◆ **ACTIVITY**
What you give back must match the records below word for word.
(Beginning of ENTRIES SHOWN)
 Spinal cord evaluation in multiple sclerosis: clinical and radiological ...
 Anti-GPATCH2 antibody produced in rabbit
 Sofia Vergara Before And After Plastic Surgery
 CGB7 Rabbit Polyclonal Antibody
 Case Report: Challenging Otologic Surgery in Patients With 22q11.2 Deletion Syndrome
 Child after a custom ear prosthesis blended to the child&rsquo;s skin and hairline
(End of ENTRIES SHOWN)
◆ **YOUR SOLUTION**
 Spinal cord evaluation in multiple sclerosis: clinical and radiological ...
 Anti-GPATCH2 antibody produced in rabbit
 Sofia Vergara Before And After Plastic Surgery
 CGB7 Rabbit Polyclonal Antibody
 Case Report: Challenging Otologic Surgery in Patients With 22q11.2 Deletion Syndrome
 Child after a custom ear prosthesis blended to the child&rsquo;s skin and hairline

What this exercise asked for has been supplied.